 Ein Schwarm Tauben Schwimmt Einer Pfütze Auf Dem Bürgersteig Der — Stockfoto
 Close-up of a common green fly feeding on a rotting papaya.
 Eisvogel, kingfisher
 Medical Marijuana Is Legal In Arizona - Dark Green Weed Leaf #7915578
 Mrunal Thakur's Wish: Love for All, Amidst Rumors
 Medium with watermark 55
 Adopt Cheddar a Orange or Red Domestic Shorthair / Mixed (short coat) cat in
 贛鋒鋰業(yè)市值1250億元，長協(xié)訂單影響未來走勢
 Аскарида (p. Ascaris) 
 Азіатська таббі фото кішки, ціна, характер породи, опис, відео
--
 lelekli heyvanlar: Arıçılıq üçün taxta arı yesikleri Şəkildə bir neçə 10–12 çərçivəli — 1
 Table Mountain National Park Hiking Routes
==
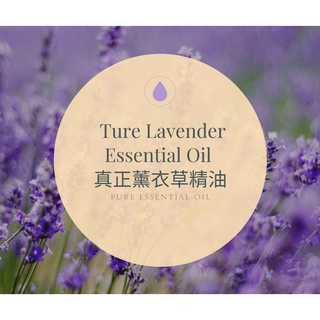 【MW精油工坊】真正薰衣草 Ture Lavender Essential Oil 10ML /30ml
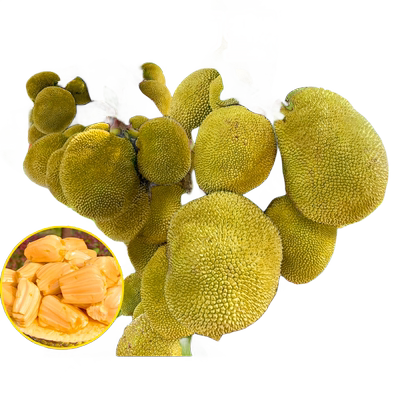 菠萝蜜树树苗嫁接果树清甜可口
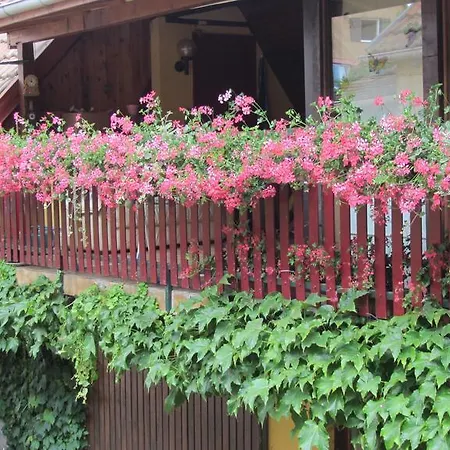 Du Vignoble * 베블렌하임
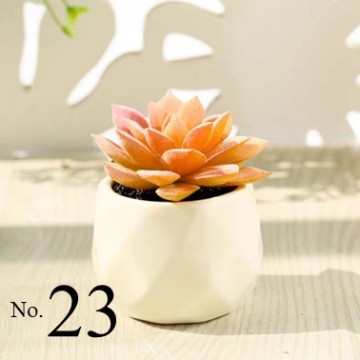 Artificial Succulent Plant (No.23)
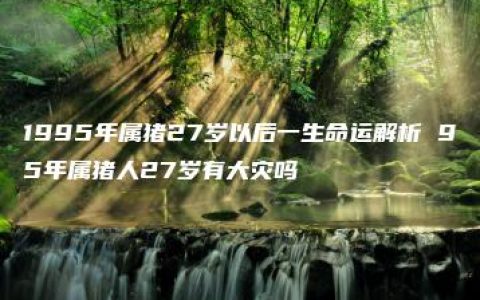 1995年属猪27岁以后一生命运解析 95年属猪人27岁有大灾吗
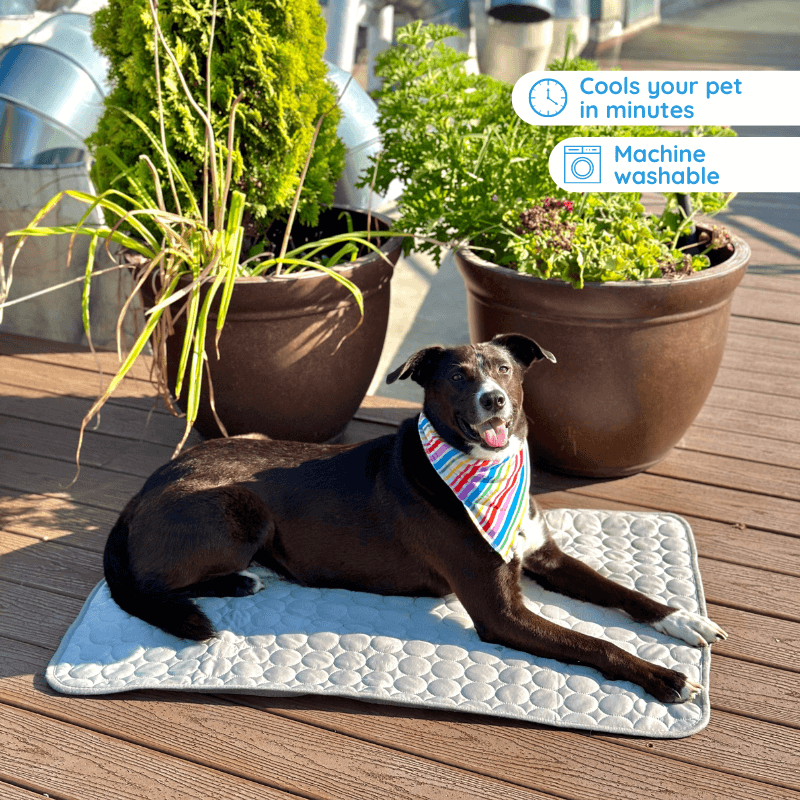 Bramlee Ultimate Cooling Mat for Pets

### What is required
Using the records above, copy word for word the line with "Ein Schwarm Tauben", the line with "Азіатська таббі фото", and every line between them.

### Response to this exercise
 Ein Schwarm Tauben Schwimmt Einer Pfütze Auf Dem Bürgersteig Der — Stockfoto
 Close-up of a common green fly feeding on a rotting papaya.
 Eisvogel, kingfisher
 Medical Marijuana Is Legal In Arizona - Dark Green Weed Leaf #7915578
 Mrunal Thakur's Wish: Love for All, Amidst Rumors
 Medium with watermark 55
 Adopt Cheddar a Orange or Red Domestic Shorthair / Mixed (short coat) cat in
 贛鋒鋰業(yè)市值1250億元，長協(xié)訂單影響未來走勢
 Аскарида (p. Ascaris) 
 Азіатська таббі фото кішки, ціна, характер породи, опис, відео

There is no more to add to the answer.